Physical Science too benefits from theology and philosophy by acknowledging that many of its processes of deduction and method are descended from theological and philosophical methodology. Philosophy especially is able to help science reveal possible flaws in reasoning, and also help science to stay within its own defined scope. And that scope is the material, the physical world. But physical science does well to maintain humility and to accept that that there may be things beyond its scope which it is not able to render an account of, one way or the other. If not, the physical sciences fall into the error of scientism. Scientism is the error which reduces everything to matter and insists that nothing exists outside the system which physical science can measure, a conclusion that can, in no way, be proved, scientifically.

In the end, perhaps the problem is best expressed in a very popular aphorism: When your only tool is a hammer, everything begins to look like a nail. The only trouble is, everything is not a nail. The human person perceives that instinctively, but in our culture we lack the tools to explicate the momentous truths which follow from such an irreducible fact.

Yes, I am convinced that this is going to have to be our way back. Basic human experience. And that experience, if we are honest, shouts to us the existence of the spiritual and the transcendent.

Even physical science rests on the mystic and metaphysical notion that reality is “intelligible.” For intelligibility bespeaks meaning and asks questions about purpose, direction and points, ultimately outside the physical (to the metaphysical) to the question, why? Intelligibility presumes also the great mystery of a  questioning soul. For why do we seek to understand at all? The animals, who are physically very like us, do not seem to ask such questions or probe deeper relations. Intelligibility also presumes that there is actual meaning and purpose to be found. Still further it presumes that “I” exist at all, to discern it, and that my mind is not engaged by illusions and shadows. Why does anything exist at all and what does it mean to exist? How do we define it and by what means do we discover it?

These are deeper questions than they may seem. Reality has a mystical dimension that artists, poetics, writers, philosophers and theologians have pondered for centuries, long before there ever was a scientific method, (developed, by the way, in the largely Catholic and Christian universities of the West, and respectful of the Judeo-Christian insights of natural law and the Wisdom tradition).

We have to continue to engage the modern world in the understanding that things run deeper and more wonderfully than we can physically describe.
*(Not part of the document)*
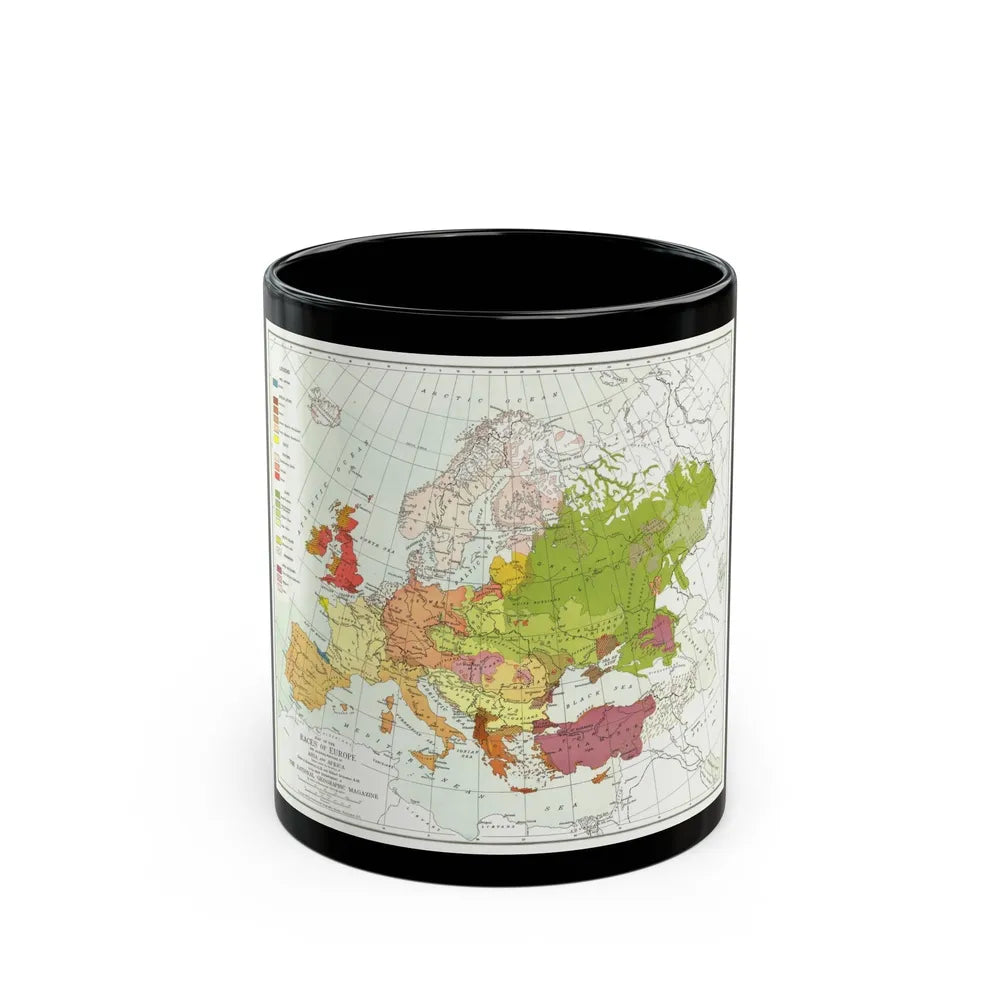 Europe and Adjoining Asia and Africa (1918) (Map) Black Coffee Mug-11oz-Go Mug Yourself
Deep down most people know and experience this truth. Life has more meaning than just the physical. A beloved spouse is not just another body, they are a person with all the mystery that entails. A kiss is not just two lips meeting, it is two souls sharing the breath of mystical life. A house is not just a physical structure, it is a home with all the non-material meaning that includes. My longings are not just the firing of brain synapses and serotonin, but the sigh of my soul for completion and fulfillment, for something infinite, for something (some ONE) other, for God.
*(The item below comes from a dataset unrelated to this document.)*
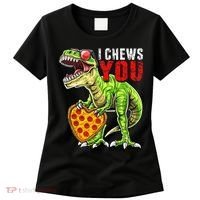 Heart I Chews You T Rex Dinosaur Pizza Valentine's Day Women's T-Shirt thumb 0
Dr. Mirus is right, life is more than a nail and we need more than a hammer to understand it. Deep down we know this, and this is where we must engage the modern person. We ought to remain respectful of physical science and the wonders it has offered us, yet we must also demand more: a deeper vision that respects the full human experience. There’s more to life.

Photo credit Sodahead via Creative Commons

Please pardon a little science humor and accept my full admission that we also have some real geeks in theology too!

21 Responses

  1. Brian says:

    Msgr., Dr, Mirus’ article and your commentary are excellent refutations of reductionist and modernist errors. In my time as a theologian, I have found that scientism and modernism are often red herrings masking the unerlying motives of many self-described atheists. Modernism, after all, is derived from the Enlightenment’s deification of reason, and nearly every nonbeliever I’ve discussed theology with eventually reveals a strong anti-rational streak.

    I generally encounter two types of self-proclaimed atheists: those who maintain fidelity to truth but are currently satisfied with purely materialistic explanations for existence, and the invincibly ignorant who reject faith based on personal issues and feign scientism as ex post facto justification for their rebellion. The former usually open up to the idea of transcendent reality once it’s pointed out how materialism leads to chemical determinism and a self-contradictory paradox. These cases are sadly rare. Far more common are deeply entrenched ideologues who are more than willing to jettison the principal of intelligibility the instant its reliance on faith in the transcendent becomes undeniable.

    The truly bizarre situation fostered by our culture is the schizophrenic postmodernism that allows someone to reject God on the basis of scientific rigor then turn around and casually undermine all knowledge by effectively advocating intellectual nihilism, all the while considering himself a perfectly rational person. This baffling phenomenon is certain proof of physical science’s detachment from philosophy. Those who accuse believers of being benighted sheep demonstrate even greater blind faith in a method whose underpinnings they can’t coherently explain or even acknowledge. Yet, nothing is perceived to be wrong with this sort of intellectual hypocrisy.

    I think that your hope in the catechetical applicability of shared human experience is well-founded. Most people hold to materialist reductionism only insofar as it allows them to practice their favorite vices without guilt. Luckily, few materialists take their chosen ethos to its logical conclusion. Only sociopaths eschew any notion of human life’s inherent value. Everyone has felt love, longing, and the desire for justice. Convincing others that these natural human desires have a final fulfillment in God is a powerful evangelizing approach.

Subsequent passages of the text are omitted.